VINCE ON STEVE’S DISH:
Steve, let’s be honest, your brand is “trying way too hard” and you stayed meticulously on brand here. You spent so much time telling me how you made parsley oil that I actually forgot what this dish is supposed to taste like. Parsley? Duck confit? Mushrooms? Alfredo sauce? Brown butter? Peas? Parsley? Scott Conant? Hitchhiking?
Anyway, it looks really good and I hope you win because I’m starting to get the sense that your sanity depends on it. Did you spend enough on ingredients? Maybe next time you guys could buy a nice lobster and then dehydrate it and then pound that into a fine powder to create a mist you spray around the dining room to recreate the smell of a lobster roll place where you got a handjob in 1998. It takes an extra 17 hours and $200, sure, but totally worth it for that sense memory of Teresa from Pawtucket.

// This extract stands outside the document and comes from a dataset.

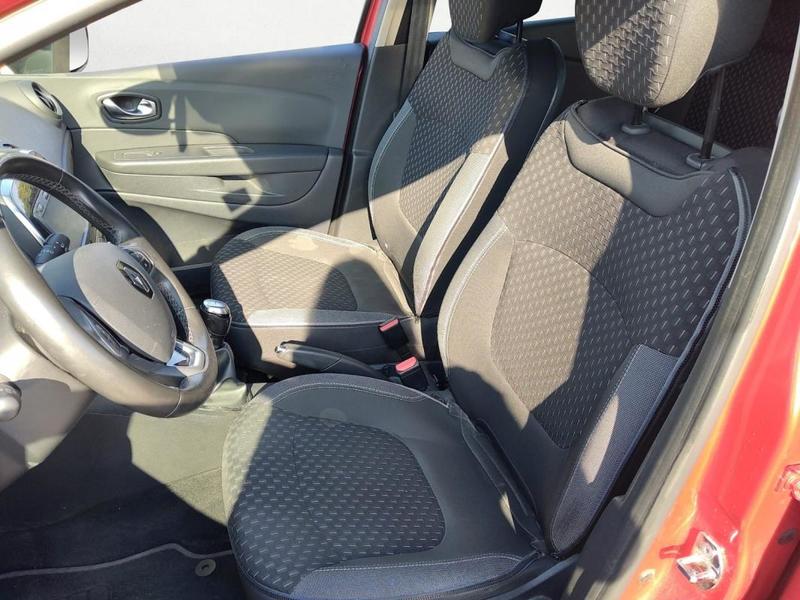 Renault Captur 0.9 Tce 90 Intens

I don’t want to fight about the water thing anymore (hey, you know what makes soft water hard? adding salt to it. salt is a mineral, remember?). I’m pretty sure there’s a world of difference between beer brewing (a process that takes weeks or months and involves DRINKING the actual solution) and pasta making (boiling dough in the liquid for two minutes and then draining it), but how about we just do some sort of blind taste test instead? These things are easily provable.
Anyway, good luck, your pictures look nice.